Task details: Here are some records; quote them exactly, leaving out the pictures.

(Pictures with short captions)
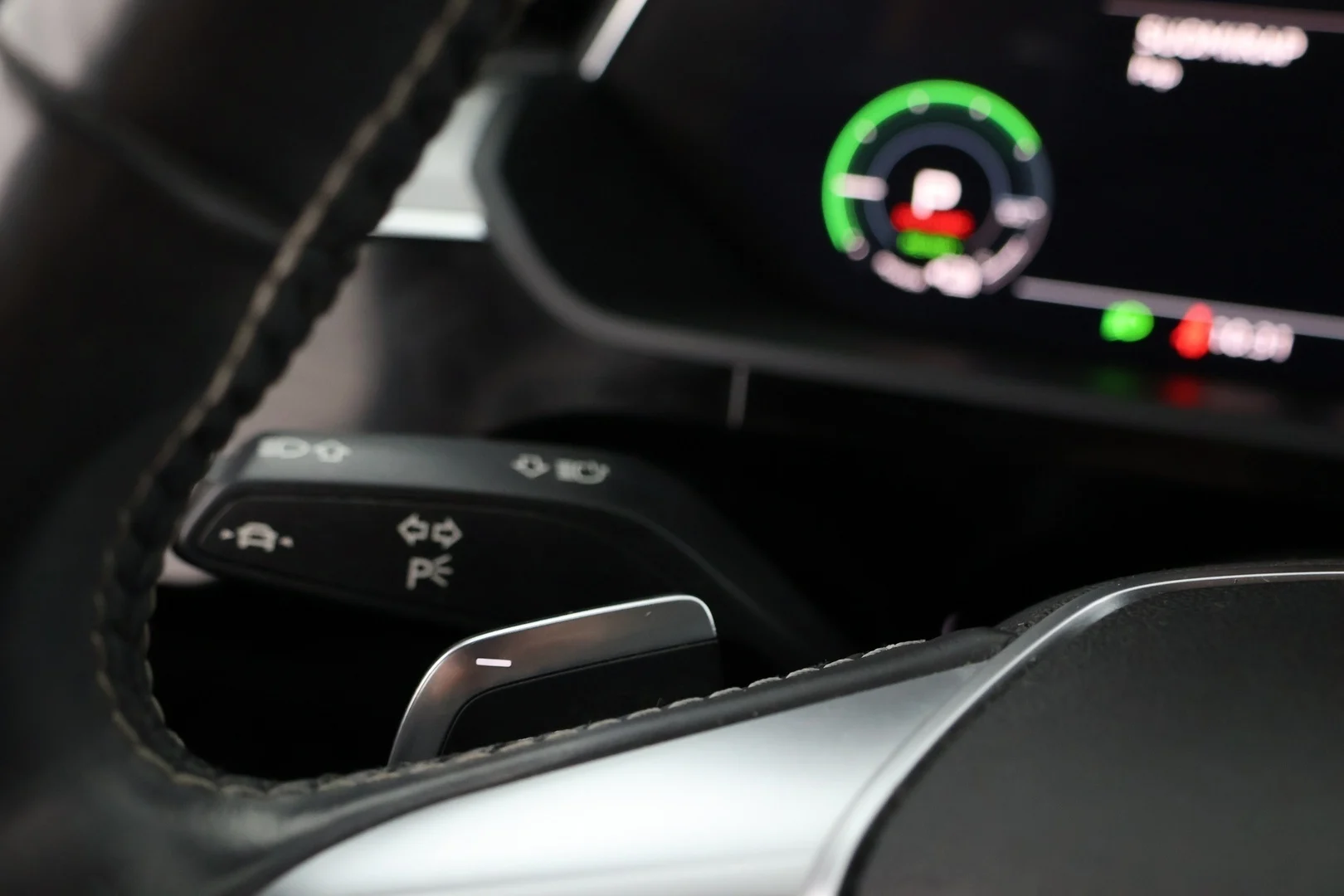 Car Image - 6ugXLCXdl5sfHLJXHmnD7C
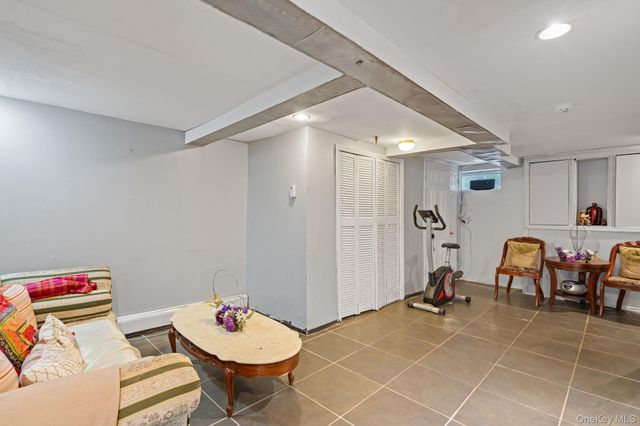 947 Glenwood Road, West Hempstead, NY 11552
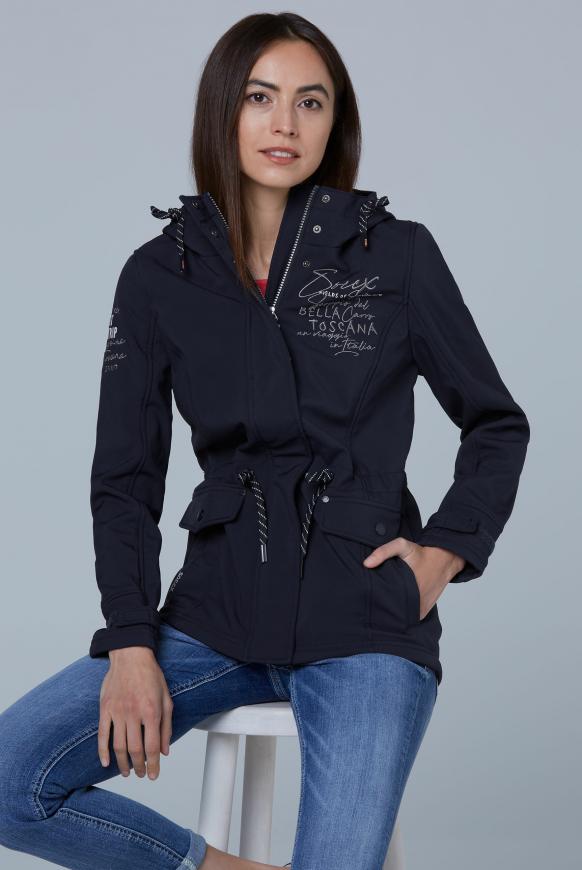Softshelljacke mit Kapuze und Taillenband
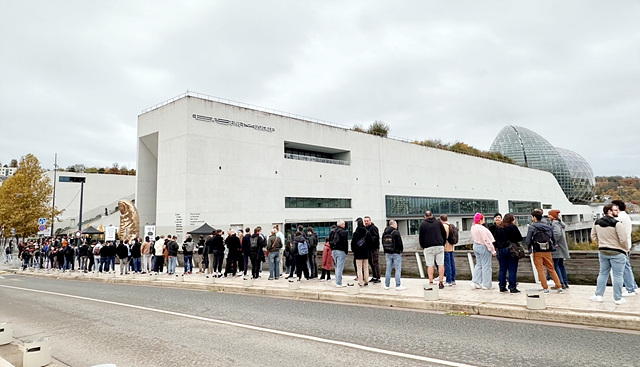 올해 SWC ‘월드 파이널’이 열린 ‘라 센 뮈지칼’ 앞은 결승 당일 굳은 날씨에도 이른 아침부터 관람객들로 장사진을 이뤘다. 유럽은 물론이고 아시아와 미주에서도 친구나 가족 단위로 현장을 찾았다. 직접 입장권을 구해 경기를 직관(直觀)한 숫자만도 1500명을 웃돌았다..jpg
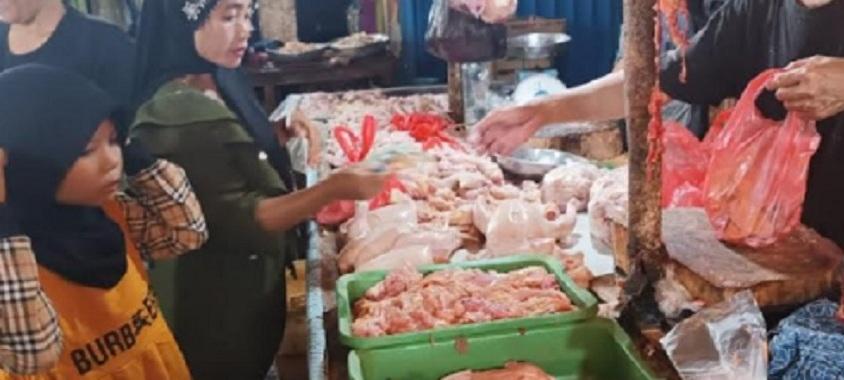 Penjualan Ayam Potong dan Telur di OKU Turun Drastis Saat Dapur MBG Libur, Pedagang Keluhkan Omzet Anjlok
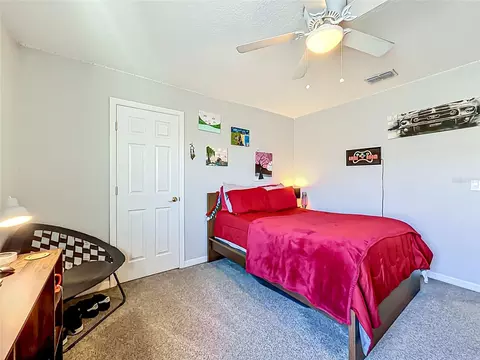 Bedroom - 2323 Nuthatch St, Saint Cloud, FL 34771 photo 9 of 13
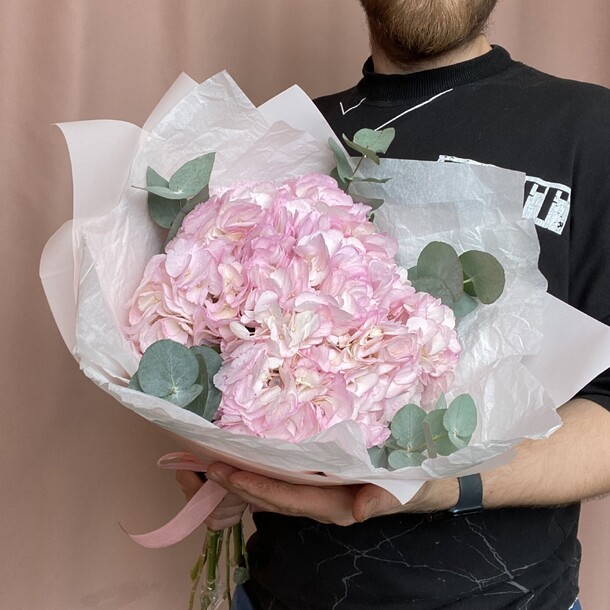 Букет гортензий с эвкалиптом, артикул F1289810 - 3990 рублей, доставка по городу. Flawery - доставка цветов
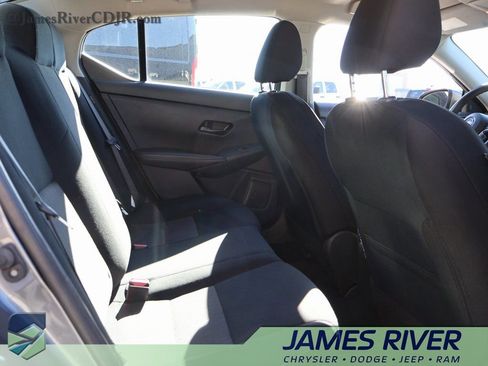 Used 2024 Nissan Sentra SV image 12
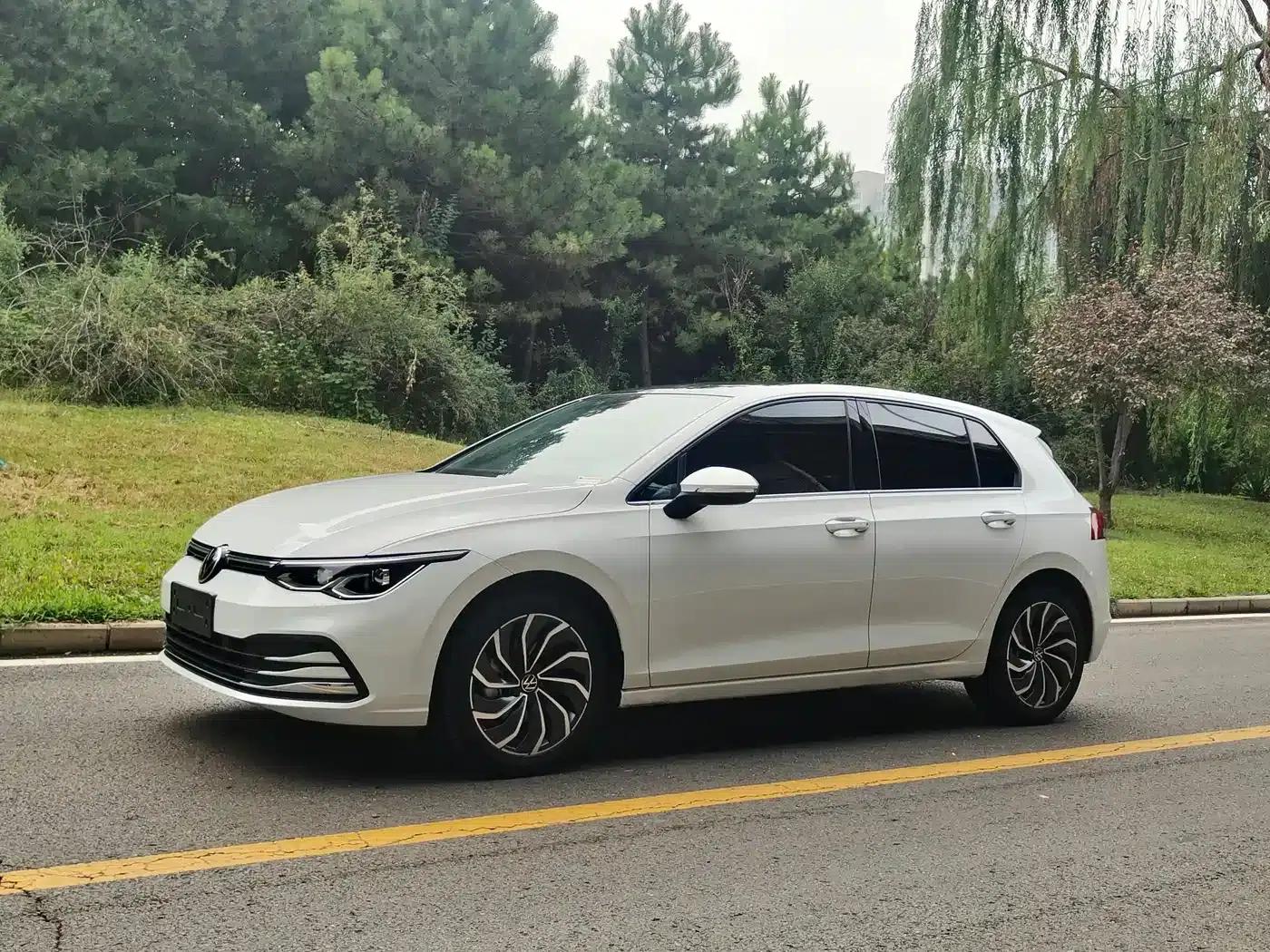 2023 Golf 280TSI DSG Pro — миниатюра 1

Result for this exercise:
 Car Image - 6ugXLCXdl5sfHLJXHmnD7C
 947 Glenwood Road, West Hempstead, NY 11552
Softshelljacke mit Kapuze und Taillenband
 올해 SWC ‘월드 파이널’이 열린 ‘라 센 뮈지칼’ 앞은 결승 당일 굳은 날씨에도 이른 아침부터 관람객들로 장사진을 이뤘다. 유럽은 물론이고 아시아와 미주에서도 친구나 가족 단위로 현장을 찾았다. 직접 입장권을 구해 경기를 직관(直觀)한 숫자만도 1500명을 웃돌았다..jpg
 Penjualan Ayam Potong dan Telur di OKU Turun Drastis Saat Dapur MBG Libur, Pedagang Keluhkan Omzet Anjlok
 Bedroom - 2323 Nuthatch St, Saint Cloud, FL 34771 photo 9 of 13
 Букет гортензий с эвкалиптом, артикул F1289810 - 3990 рублей, доставка по городу. Flawery - доставка цветов
 Used 2024 Nissan Sentra SV image 12
 2023 Golf 280TSI DSG Pro — миниатюра 1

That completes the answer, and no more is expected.